Measurement of the intraocular pressure is particularly important when we are concerned that the pressure of the eye is too high. When the pressure of the eye is too high this disease state is called glaucoma. Fortunately, this problem occurs very rarely in children.

There is a very serious disorder we call infantile glaucoma. Infant’s eyes are special since the outermost layers of the eye, the cornea and sclera, are distensible and stretchable until the age of around 3 years.
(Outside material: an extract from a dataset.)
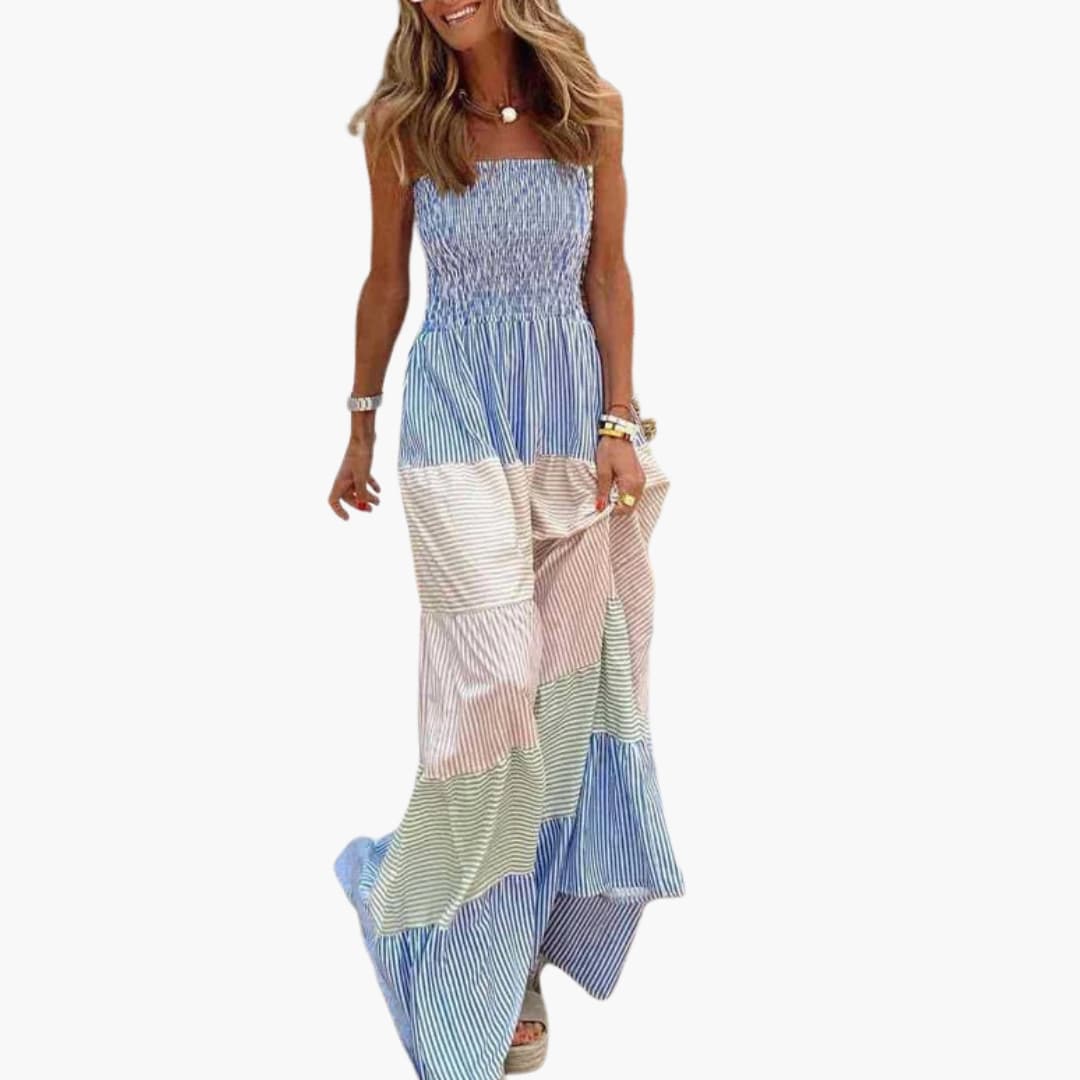 Relaxed Fit V Neck Long Dress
When an infant has glaucoma the eye is stretched and enlarges faster than occurs during the natural growth and development of the eye. This causes the eye or eyes to appear larger than normal. However, the cornea does not stretch as easily as the sclera. As the cornea stretches too much, the internal membranes leak fluid into the cornea. This initially causes the infant to have teary, watery eyes and significant light sensitivity (photophobia). As the fluid leak increases, the clear cornea becomes hazy or partially opaque. If these symptoms were to occur, immediate Pediatric Ophthalmology evaluation is indicated. Urgent surgical treatment is often required.

When the intraocular pressure measurements are needed in infants and children, examination under anesthesia is almost always required. In older children and teenagers, intraocular pressure measurements are easily accomplished in the office. An anesthetic eyedrops are necessary prior to the measurement because the instrument briefly touches the eye.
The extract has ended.